2. We do not need to make our kids world more magical – it already is.
This may come as a relief for many as it is often the thought of having to somehow direct or invent the play, be the horse, be the baddie, be a dog, draw a picture or a superhero that makes us exhausted even thinking about it.
So what can we do to enjoy play: Some parents have just made peace with the fact that they are not the ‘playing’ type. This takes courage to admit. And it need not be a bad and shameful thing as you may already be aware that you have something else to offer. You might be the one who loves reading, drawing, taking them for walks, listening to music, cooking with them – or whatever it is that you find is meaningful for you. As long as you are both connecting and having a nice time together!
Let your child take the lead and allow yourself to be led. All your kids want is to be seen! So when they say, Will you play with me?’ what they often want is just to be seen by you. So it’s ok to sit next to them and just BE and SEE what they are doing. If you like you can ask, ‘What would you like me to do?’, ‘Can I join in?’, ‘What part do you want me to colour in and with what colour?’ etc. It can be very relaxing just to sit next to our child and SEE or BE with them when they play. My son LOVES it when I sit next to him and watch him build his Lego and sometimes he asks me, ‘Mum can you find all the red blocks?’.

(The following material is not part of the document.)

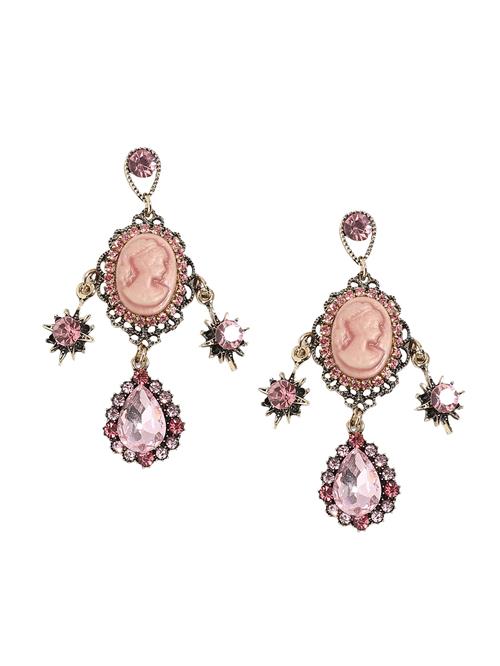 SOHI Øreringe 'Devnet'  guld / lilla / pink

Children, like adults, appreciate sincerity and honesty and if communicated with respect and appreciation for the fact that all the child wants is to connect with us this can give rise to other ways of being together.
For the vast majority of parents – there is – if we are to be honest with ourselves – a part of us that wishes to reconnect with a more playful side of ourselves. A part of us that knows that we too can have fun, become fully present and filled with joy by joining in.
The summer holiday offers a great opportunity to put on our ‘Yes Hat’. With more time on our hands we can allow ourselves to sometimes go with the wishes of our kids where we might normally say, ‘I’m too busy right now’. Remember that it need not be an hour long affair but a string of such moments makes a world of difference to the bond you share with your child.
And when we enter into our kids’ world like this they are much more likely to enter into ours when we want them to!
We stop playing when we grow old, we grow old when we stop playing.